このお返しは、戻ってきたときにまた働いて返すね♪」
「待ってますからね!」
「ジェラードさん、あまり無理はしないでくださいよ!」
「うん、エミリアちゃんもアイナちゃんのことをよろしくね。
……それじゃ♪」
ジェラードは最後に笑顔を見せると、お屋敷から去っていった。
「――はぁ。
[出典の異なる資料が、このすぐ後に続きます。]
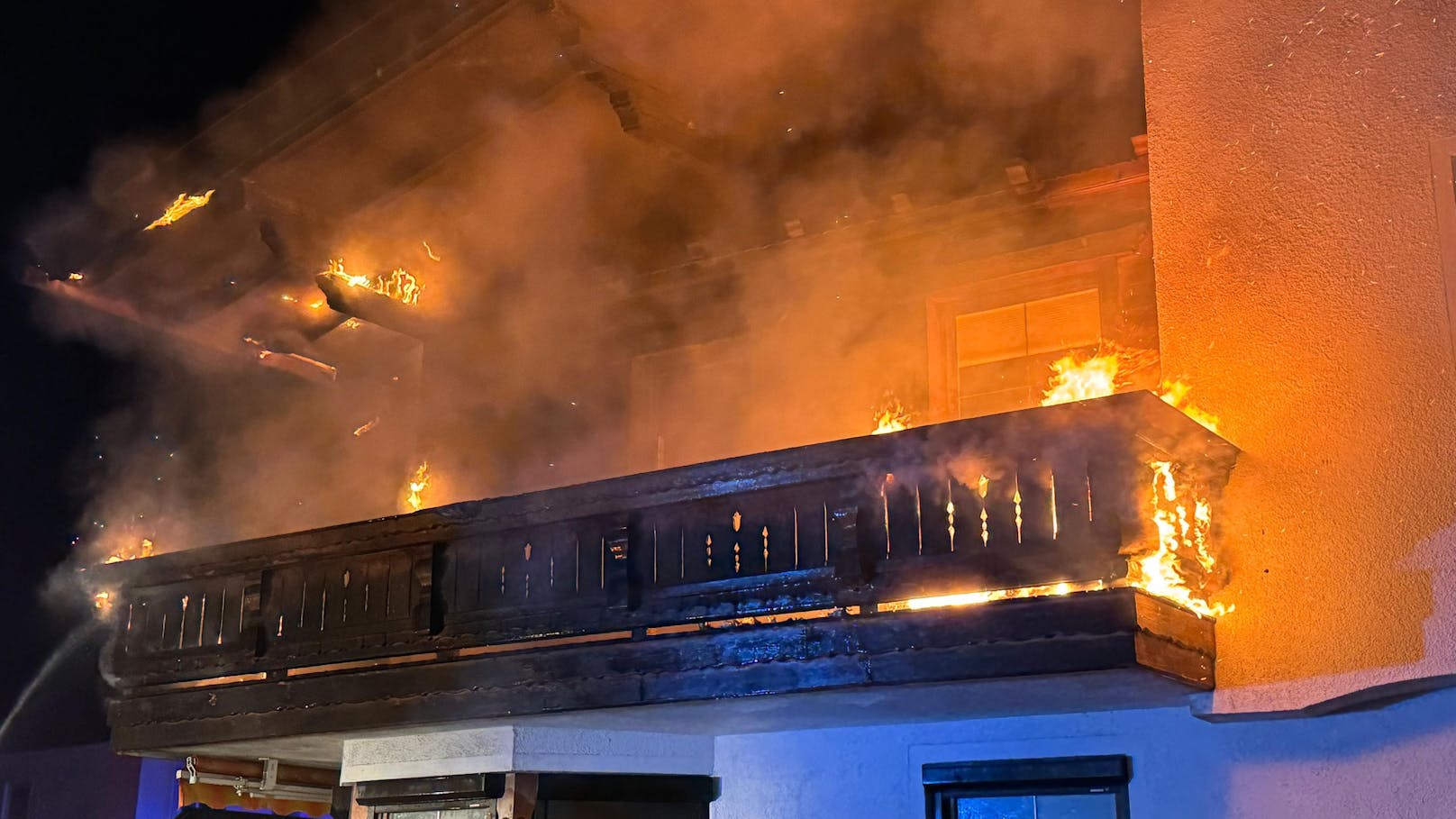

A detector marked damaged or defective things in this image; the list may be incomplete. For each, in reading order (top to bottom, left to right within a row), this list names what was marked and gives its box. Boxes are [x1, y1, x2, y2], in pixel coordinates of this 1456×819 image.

burnt balcony floor [91, 387, 1228, 751]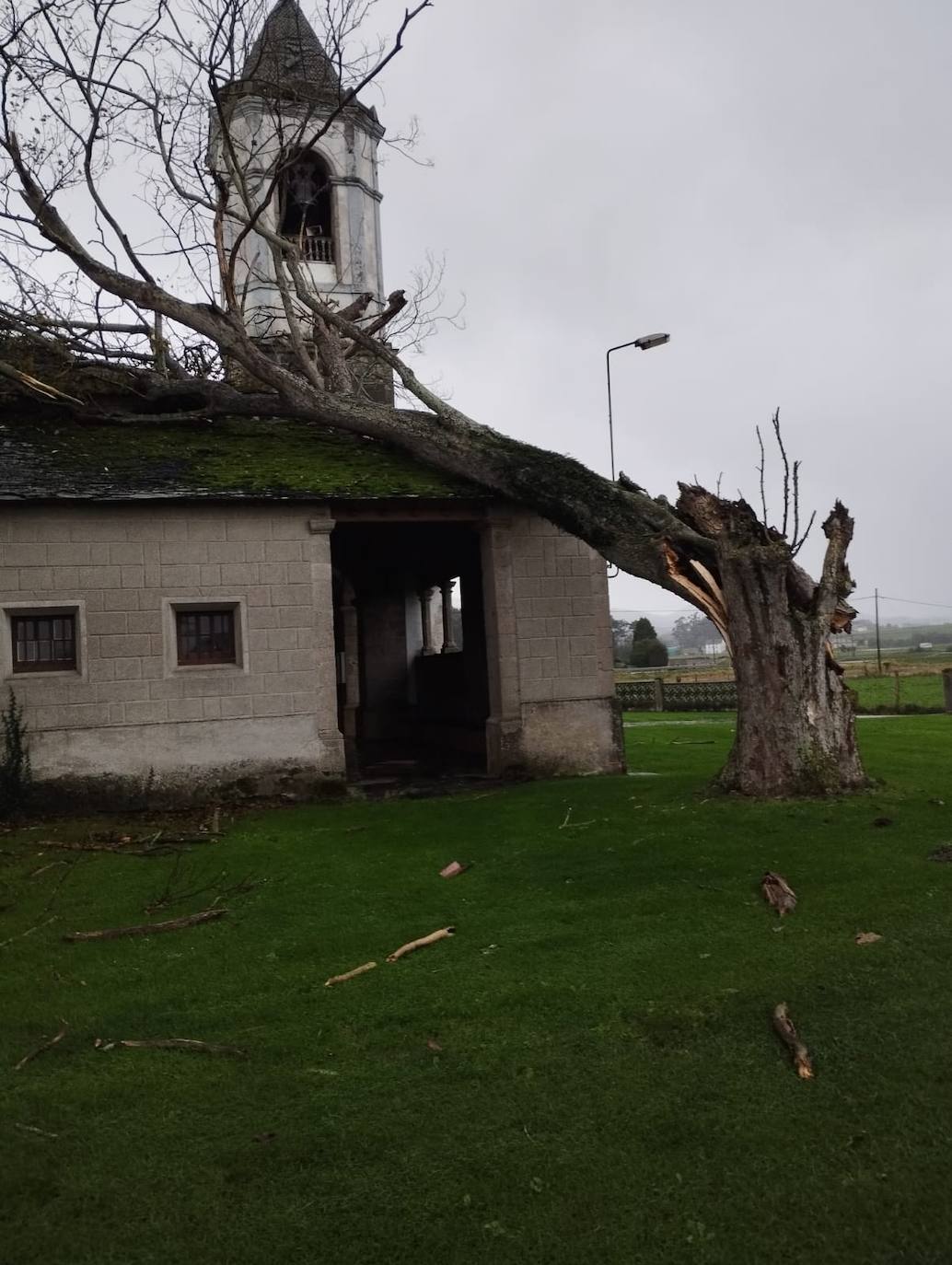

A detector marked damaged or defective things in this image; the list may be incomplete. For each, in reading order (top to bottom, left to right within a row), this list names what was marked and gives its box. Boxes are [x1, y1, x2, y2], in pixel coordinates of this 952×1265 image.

ジェラードさんがいない間は少し心細いですが、しっかり頑張りましょう。
ルークも戻ってきてくれたし、大丈夫だとは思いますけど!」
「頑張ります! ……何を頑張れば良いかはちょっと分かりませんが、頑張ります!」
「特に問題が無いなら、いつも通りで良いと思いますよ」
「それでは平穏な日々が続くように、とりあえず毎日お祈りをしておきますね!」
「おぉ、さすが司祭様。よろしくお願いします!」
「お任せください!」
エミリアさんは自信満々に言い切った。これできっと平穏な日々が訪れてくれることだろう。
さて、時間もかなり遅いし、そろそろ――
「アイナ様、このあと少しよろしいですか?」
「え? どうしたの?」
「一応、お耳に入れておきたいことがありまして」
「了解、それなら客室で話そうか」
「アイナさん、私は先に部屋に戻ってますね。何かありましたらお呼びください」
「はーい」
エミリアさんはルークの空気を察したのか、そのまま部屋に戻っていった。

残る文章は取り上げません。